Leopardi’s and Beckett’s art, then, is not simply concerned with the
Schopenhauerian attempt to rip the flimsy film of desiring and willing in
order to reach pure aesthetic contemplation. Nor can existential pain simply be eased through the cessation of one’s strivings. In the chapters that
follow, I show how for both authors there is a paradoxical human desire
that, differently from the “subjective spirit of base desire” that Schopenhauer debunks as the stimulating in art (1: 233), compels the individual to
endure his existence. My contention is that the easing of existential anguish
lies in the final acceptance that the human being cannot become void of
desire. This inextinguishable desire — positive in effect, albeit challenging
to experience — can bring about compassion.
Mediated by the Schopenhauerian notion of compassion, the compassionate trait in Leopardi and Beckett can be read in the two authors’ portrayal of desire for the other. This desire can be construed as both Lacanian and, very significantly, Levinasian. Schopenhauer claims that “all love (caritas) is compassion” (1: 401). Compassion, says Schopenhauer, “is apparent in our heartfelt participation in the friend’s well-being and woe and the selfless sacrifices made on account of the latter” (1: 403).

This conception of compassion in Schopenhauer is rooted in Leopardi, where
compassion entails being able to feel other individuals’ suffering. It is a
notion, however, that differs from, for instance, Levinas’s, because while
in Schopenhauer the compassionate human being is able to still desire, in
Levinas compassion undergoes an inverse movement. I argue for a desire
in Leopardi and Beckett that, in spite of any attempt to still its source, paradoxically brings about more of a Levinasian compassion. In “La ginestra,”
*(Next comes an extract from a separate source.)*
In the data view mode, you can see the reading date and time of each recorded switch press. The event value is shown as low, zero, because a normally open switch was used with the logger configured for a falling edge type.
Endgame, and Happy Days the self becomes a compassionate subject who
is, as Levinas says, “unable to shirk: this is the ‘I’” (Totality and Infinity
245). The desiring subject thus plays a pivotal role in the desire for the O/
other, a Lacanian desire characterized by a ‘coring out’ effect. Nonetheless, the desiring subject in Leopardi and Beckett can also be interpreted
as characterized by a Levinasian desire in its being-for-the-other. The desire of the subject encompasses Freudian death and life drives, Lacanian
demand versus desire, or what Gavriel Reisner terms “an opposition to desire within the ego […] anti-desire,” pitted against “a force of desire which
supersedes the ego” (14).

This study unfolds in three chapters. In chapter one, I briefly trace the
theme of desire in the specific designated framework. I delve at some length
into the contributions of Leopardi, Schopenhauer, Freud, Lacan, and Levinas, all of whom shape Beckettian desire as the outcome of the human subject’s division. The trajectory of my discussion passes through Leopardi’s desire of amor proprio (building on eighteenth-century Enlightenment conceptions of amour propre) and develops into Schopenhauerian Will as opposed to its negation. It passes through Freud’s death as opposed to life drive and Lacan’s cleaved subject into “moi” and “je,” where the “moi” is specifically equated by Lacan to amour propre.